Assigned task: Count the lines in the records that hold the string "showing". Only the number should be given.

Crawled caption data:
◇ ◇ ◇ ◇ ◇ ◇ ◇

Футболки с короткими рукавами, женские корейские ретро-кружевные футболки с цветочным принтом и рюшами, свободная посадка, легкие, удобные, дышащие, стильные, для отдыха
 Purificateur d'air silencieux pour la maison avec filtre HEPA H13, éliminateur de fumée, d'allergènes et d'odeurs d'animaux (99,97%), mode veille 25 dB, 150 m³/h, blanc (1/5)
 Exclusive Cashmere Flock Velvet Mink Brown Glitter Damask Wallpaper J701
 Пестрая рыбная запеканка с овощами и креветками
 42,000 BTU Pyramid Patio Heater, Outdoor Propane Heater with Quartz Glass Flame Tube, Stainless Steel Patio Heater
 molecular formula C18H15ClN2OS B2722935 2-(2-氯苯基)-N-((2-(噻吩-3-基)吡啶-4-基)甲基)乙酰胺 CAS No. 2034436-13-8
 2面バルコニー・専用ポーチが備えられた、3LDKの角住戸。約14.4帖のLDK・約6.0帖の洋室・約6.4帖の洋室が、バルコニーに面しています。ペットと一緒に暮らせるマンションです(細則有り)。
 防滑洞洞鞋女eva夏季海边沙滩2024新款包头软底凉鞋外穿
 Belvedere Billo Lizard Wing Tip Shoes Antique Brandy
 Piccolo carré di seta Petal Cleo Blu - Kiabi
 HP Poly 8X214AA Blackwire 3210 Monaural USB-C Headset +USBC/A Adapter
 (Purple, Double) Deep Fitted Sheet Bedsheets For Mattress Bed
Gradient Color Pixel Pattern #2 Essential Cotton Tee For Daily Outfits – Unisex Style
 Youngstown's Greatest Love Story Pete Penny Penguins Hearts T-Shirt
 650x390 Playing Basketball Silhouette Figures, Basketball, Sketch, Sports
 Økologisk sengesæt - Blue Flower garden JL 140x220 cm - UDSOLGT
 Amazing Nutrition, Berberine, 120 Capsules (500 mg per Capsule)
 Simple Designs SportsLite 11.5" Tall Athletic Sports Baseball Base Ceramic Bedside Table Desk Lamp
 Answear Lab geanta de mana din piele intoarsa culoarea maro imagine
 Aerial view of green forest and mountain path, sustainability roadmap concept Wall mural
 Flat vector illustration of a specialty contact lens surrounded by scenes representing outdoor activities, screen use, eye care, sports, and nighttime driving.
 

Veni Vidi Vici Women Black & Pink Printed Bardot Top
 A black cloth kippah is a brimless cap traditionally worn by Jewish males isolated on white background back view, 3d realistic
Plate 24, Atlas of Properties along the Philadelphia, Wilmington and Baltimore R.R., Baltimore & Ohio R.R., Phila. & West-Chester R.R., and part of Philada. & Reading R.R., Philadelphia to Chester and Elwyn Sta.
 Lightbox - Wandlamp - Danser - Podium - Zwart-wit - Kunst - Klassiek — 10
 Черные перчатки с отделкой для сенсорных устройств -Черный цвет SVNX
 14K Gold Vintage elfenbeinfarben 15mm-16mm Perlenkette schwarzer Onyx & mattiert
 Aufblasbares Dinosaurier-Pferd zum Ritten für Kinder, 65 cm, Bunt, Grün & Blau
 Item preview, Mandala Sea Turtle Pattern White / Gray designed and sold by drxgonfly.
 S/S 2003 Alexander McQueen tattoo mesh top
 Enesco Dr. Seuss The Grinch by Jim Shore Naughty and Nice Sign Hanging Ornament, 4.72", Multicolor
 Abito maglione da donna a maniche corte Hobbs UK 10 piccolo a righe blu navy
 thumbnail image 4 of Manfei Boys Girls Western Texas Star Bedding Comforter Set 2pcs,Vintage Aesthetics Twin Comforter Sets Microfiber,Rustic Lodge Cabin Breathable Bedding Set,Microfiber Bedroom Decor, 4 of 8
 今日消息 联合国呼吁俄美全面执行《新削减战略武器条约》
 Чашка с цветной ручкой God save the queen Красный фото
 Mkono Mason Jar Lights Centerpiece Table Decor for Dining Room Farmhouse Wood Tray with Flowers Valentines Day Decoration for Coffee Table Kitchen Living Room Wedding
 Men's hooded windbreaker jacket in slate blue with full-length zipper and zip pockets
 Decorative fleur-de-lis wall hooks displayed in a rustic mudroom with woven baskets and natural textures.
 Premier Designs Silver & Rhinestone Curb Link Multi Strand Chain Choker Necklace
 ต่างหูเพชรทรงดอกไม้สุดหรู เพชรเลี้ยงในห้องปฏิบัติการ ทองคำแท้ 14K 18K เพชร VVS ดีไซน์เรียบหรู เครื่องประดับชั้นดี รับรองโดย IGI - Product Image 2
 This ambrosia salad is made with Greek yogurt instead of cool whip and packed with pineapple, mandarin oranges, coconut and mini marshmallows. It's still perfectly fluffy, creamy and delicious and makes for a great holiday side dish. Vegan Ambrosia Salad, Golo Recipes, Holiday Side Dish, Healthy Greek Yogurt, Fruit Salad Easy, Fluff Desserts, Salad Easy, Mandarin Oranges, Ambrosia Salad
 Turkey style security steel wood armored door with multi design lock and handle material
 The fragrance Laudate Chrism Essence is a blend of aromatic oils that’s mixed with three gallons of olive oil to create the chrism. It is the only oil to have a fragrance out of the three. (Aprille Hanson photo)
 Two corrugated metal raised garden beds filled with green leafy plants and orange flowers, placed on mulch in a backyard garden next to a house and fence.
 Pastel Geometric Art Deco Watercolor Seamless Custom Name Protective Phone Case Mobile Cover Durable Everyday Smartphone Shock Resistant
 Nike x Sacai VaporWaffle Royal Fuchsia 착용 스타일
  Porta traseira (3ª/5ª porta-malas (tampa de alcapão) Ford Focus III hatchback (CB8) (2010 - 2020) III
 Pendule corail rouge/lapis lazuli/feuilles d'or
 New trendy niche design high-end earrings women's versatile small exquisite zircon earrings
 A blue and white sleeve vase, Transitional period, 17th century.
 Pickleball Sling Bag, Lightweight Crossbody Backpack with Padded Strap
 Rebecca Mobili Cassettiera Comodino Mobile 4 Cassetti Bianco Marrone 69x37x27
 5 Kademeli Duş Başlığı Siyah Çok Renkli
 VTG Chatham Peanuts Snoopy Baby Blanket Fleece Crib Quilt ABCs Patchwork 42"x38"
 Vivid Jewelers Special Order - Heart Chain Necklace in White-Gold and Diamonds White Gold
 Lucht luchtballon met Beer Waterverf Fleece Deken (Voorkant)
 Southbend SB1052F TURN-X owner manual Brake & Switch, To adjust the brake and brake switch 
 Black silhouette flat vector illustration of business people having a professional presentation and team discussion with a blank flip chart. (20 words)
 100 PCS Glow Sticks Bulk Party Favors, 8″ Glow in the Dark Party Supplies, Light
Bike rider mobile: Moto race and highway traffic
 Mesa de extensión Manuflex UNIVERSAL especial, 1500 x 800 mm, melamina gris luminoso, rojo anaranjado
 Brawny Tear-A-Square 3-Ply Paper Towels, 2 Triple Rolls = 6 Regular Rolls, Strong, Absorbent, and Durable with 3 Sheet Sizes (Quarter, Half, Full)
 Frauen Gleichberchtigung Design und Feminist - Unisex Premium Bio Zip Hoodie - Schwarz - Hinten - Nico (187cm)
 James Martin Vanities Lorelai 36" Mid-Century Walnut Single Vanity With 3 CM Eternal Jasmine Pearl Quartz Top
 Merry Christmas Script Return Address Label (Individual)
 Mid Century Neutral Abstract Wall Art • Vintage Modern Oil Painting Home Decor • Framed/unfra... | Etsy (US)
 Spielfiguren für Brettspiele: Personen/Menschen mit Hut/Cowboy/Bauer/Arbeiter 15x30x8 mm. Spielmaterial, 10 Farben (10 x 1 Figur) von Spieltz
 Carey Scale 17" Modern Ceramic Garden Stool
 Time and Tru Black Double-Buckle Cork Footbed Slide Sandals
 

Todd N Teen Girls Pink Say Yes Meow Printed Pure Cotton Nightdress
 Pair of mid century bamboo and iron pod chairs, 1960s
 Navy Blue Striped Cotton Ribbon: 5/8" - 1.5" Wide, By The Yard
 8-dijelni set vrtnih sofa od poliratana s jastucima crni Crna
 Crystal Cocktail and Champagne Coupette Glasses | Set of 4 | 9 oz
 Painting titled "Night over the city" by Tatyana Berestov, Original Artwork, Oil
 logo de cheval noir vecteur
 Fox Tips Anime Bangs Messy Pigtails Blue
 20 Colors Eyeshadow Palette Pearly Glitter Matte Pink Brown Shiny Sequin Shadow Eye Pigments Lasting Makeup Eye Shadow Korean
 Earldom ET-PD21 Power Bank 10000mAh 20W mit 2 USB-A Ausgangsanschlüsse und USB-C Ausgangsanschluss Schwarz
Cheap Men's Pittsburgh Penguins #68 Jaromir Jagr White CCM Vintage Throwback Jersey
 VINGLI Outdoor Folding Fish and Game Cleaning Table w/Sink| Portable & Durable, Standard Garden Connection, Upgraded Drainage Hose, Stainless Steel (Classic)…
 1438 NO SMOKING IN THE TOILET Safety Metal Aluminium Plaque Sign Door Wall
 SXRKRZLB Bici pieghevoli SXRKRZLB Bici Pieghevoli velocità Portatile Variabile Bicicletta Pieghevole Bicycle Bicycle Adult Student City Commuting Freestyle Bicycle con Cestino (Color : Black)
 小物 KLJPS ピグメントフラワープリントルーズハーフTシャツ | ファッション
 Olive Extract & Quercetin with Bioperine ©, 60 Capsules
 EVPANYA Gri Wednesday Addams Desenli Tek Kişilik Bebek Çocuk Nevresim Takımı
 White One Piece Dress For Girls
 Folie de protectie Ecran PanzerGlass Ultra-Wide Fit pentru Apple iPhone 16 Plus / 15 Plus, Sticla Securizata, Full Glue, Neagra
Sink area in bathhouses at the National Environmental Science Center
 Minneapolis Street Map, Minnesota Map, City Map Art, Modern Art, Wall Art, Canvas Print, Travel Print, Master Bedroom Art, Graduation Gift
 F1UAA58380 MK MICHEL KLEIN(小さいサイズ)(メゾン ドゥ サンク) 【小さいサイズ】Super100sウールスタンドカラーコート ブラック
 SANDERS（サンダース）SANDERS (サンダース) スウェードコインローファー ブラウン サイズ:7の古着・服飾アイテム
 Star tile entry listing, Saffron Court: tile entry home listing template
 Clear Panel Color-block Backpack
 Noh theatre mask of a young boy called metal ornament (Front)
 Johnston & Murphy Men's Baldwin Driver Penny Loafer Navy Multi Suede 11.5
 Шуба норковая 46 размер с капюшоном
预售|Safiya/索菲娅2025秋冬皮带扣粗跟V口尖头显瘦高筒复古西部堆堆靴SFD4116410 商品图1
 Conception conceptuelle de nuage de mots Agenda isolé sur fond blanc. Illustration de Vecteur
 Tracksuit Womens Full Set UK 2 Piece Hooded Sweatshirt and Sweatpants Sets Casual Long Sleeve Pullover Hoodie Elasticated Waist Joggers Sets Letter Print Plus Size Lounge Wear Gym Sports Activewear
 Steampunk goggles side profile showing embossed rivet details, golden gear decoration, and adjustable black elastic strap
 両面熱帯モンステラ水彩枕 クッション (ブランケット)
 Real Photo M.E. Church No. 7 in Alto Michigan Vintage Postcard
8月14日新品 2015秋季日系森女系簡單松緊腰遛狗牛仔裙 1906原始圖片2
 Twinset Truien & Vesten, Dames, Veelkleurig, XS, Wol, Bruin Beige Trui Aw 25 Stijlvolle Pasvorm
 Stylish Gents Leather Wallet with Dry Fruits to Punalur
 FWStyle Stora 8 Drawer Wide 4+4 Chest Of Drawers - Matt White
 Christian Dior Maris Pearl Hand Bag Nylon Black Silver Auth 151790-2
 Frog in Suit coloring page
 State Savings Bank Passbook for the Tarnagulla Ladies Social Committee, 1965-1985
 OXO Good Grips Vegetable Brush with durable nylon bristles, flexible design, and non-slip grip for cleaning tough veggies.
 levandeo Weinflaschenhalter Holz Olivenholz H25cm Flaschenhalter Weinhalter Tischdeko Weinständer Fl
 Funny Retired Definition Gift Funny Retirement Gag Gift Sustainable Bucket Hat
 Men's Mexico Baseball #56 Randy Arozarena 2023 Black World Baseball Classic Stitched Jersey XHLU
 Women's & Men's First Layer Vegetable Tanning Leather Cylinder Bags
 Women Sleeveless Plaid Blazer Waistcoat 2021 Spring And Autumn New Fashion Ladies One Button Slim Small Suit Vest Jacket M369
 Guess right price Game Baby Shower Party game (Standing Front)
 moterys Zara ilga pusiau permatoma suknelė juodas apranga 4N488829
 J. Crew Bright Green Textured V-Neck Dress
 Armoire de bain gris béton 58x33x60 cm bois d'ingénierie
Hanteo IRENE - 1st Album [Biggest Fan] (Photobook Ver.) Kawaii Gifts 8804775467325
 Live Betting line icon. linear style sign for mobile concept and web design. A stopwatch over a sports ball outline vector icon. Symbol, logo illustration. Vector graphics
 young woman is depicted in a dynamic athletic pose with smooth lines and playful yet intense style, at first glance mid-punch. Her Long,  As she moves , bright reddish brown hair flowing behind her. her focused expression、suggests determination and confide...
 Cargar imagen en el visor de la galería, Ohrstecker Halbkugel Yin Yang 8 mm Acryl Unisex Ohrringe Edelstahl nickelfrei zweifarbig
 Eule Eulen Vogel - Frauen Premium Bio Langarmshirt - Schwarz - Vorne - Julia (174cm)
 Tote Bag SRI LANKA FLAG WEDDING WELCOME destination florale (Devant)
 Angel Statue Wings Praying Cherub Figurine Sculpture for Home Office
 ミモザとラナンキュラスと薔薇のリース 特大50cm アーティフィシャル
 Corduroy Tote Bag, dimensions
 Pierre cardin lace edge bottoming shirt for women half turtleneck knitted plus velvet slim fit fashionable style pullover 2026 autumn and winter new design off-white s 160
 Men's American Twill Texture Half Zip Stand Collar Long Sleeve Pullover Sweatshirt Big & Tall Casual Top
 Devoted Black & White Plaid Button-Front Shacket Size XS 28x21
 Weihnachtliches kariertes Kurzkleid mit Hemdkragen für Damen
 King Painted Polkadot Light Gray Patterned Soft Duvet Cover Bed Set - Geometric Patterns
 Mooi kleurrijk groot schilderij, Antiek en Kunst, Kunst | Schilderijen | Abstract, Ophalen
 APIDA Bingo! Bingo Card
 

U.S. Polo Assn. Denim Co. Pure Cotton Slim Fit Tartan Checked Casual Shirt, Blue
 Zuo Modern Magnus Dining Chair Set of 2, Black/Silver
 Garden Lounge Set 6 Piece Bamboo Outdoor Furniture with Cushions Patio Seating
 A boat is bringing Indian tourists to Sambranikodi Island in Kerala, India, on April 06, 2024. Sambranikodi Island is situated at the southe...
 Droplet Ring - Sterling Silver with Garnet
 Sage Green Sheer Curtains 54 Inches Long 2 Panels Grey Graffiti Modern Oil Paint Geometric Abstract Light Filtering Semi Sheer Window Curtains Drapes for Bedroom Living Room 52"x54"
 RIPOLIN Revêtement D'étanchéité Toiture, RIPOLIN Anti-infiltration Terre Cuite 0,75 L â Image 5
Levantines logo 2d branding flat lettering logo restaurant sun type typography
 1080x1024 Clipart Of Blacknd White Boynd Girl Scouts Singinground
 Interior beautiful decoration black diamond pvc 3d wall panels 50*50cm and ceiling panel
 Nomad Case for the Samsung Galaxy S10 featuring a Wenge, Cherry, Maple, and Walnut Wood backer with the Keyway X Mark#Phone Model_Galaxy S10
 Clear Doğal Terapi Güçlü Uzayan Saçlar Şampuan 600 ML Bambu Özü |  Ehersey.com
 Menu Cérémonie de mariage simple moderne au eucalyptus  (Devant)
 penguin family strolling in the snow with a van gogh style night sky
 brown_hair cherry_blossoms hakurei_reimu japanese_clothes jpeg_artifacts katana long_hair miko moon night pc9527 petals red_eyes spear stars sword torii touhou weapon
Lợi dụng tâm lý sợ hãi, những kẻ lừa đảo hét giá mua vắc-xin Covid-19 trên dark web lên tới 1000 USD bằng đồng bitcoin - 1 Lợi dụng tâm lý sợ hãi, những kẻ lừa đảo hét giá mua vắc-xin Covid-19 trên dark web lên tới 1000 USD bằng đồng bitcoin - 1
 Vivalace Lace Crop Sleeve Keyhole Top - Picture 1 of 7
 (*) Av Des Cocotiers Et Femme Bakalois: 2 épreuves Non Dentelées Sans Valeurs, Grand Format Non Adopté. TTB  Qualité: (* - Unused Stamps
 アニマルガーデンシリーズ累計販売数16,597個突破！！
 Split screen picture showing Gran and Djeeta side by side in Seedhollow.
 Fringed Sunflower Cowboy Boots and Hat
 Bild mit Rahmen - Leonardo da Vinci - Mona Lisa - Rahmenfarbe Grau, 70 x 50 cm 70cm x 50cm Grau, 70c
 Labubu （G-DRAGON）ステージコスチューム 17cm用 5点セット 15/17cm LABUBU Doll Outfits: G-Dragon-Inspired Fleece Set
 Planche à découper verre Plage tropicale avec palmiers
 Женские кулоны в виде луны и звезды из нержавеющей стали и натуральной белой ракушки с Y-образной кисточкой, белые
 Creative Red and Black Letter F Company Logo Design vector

◇ ◇ ◇ ◇ ◇ ◇ ◇

Output for this task: 2